Commentary & Opinion
Anti-Circumcision Stance Must End to Fight HIV, Australian Researchers Say
September 22, 2010
In an opinion piece published this week, three researchers called on the Royal Australasian College of Physicians to reverse its policy recommending against routine circumcision of newborn boys.
"Circumcision of males is now referred to by many as a surgical vaccine against a wide variety of infections and adverse medical conditions over the lifetime," said the article by Dr. Alex D. Wodak, director of the Alcohol and Drug Service at St. Vincent's Hospital, Sydney; professor David Cooper, director of the National Center in HIV Epidemiology and Clinical Research; and Brian Morris, professor of Molecular Medical Sciences at the University of Sydney.
"A wealth of research has shown that the foreskin is the entry point that allows HIV to infect men during intercourse with an infected female partner," they wrote.
Referencing large studies conducted in Africa, the World Health Organization cites "compelling evidence" that male circumcision reduces the risk of female-to-male HIV transmission "by approximately 60 percent."
The procedure has not been shown to have a protective effect for men who have sex with men, the population that continues to account for most HIV cases in Australia.
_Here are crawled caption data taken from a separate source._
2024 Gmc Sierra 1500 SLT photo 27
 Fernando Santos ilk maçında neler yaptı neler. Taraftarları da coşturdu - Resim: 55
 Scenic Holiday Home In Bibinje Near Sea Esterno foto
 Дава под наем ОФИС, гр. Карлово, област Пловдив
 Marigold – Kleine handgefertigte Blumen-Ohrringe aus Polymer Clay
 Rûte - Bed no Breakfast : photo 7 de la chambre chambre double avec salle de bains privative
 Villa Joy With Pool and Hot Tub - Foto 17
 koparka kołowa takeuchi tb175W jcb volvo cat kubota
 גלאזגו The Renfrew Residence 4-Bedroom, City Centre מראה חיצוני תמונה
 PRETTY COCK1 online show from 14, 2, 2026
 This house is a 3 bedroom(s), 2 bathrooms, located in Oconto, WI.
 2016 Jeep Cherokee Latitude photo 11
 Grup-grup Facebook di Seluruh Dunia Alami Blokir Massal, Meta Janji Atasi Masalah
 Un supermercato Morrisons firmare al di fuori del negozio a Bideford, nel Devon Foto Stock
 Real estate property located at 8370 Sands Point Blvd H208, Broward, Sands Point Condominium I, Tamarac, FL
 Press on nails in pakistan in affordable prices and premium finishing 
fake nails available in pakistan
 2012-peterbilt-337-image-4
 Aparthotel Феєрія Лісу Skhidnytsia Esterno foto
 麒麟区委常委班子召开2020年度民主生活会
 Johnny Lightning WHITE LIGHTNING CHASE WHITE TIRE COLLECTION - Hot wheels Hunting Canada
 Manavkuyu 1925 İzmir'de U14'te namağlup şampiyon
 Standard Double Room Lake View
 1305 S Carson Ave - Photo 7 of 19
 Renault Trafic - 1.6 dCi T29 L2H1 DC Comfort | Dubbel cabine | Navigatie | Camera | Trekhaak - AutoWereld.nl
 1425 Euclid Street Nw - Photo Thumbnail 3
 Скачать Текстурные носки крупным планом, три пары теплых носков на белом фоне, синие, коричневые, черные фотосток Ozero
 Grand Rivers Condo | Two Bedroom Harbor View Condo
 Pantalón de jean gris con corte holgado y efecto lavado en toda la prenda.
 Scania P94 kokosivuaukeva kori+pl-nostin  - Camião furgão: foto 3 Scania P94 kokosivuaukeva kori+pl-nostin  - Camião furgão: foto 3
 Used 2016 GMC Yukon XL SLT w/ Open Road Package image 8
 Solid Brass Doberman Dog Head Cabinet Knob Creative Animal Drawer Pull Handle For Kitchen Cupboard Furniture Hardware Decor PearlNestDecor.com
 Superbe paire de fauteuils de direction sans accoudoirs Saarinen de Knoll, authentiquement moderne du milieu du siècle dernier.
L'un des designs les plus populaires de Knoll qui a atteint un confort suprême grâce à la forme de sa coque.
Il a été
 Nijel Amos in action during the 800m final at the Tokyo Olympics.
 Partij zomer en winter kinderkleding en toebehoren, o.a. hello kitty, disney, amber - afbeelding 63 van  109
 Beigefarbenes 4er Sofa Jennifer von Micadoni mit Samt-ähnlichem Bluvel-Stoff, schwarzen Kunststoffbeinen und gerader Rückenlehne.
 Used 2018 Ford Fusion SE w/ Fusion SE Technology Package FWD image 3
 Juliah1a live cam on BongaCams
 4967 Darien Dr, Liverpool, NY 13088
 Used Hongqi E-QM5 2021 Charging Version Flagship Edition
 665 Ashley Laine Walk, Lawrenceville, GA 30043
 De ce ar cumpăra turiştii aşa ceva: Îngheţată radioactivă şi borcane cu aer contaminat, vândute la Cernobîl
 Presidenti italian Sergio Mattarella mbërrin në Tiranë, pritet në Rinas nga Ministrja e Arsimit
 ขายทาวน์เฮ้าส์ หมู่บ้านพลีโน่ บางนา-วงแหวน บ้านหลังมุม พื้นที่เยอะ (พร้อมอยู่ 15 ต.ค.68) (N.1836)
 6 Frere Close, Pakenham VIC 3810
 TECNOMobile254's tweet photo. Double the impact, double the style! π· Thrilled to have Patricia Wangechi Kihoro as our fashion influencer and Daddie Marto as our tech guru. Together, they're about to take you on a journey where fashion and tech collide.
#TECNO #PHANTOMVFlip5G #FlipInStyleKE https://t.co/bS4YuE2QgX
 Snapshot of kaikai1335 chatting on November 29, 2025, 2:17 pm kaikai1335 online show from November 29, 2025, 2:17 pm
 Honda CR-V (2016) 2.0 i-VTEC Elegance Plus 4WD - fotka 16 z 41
However, new infections among heterosexuals have been rising, according to the researchers, mirroring trends in North America and Western Europe.
In Australia, circumcision fell from favor in the mid-1970s as physicians concluded its risks outweighed its benefits. More recently, the proportion of Australian baby boys circumcised rose from 13 percent in 1998 to 19 percent in 2009, the study reported.
The authors called on Australia to resume paying for the procedure under the national health insurance program and to promote it across the region.
The article, "The Case for Boosting Infant Male Circumcision in the Face of Rising Heterosexual Transmission of HIV," was published in the Medical Journal of Australia (2010;193(6):318-319).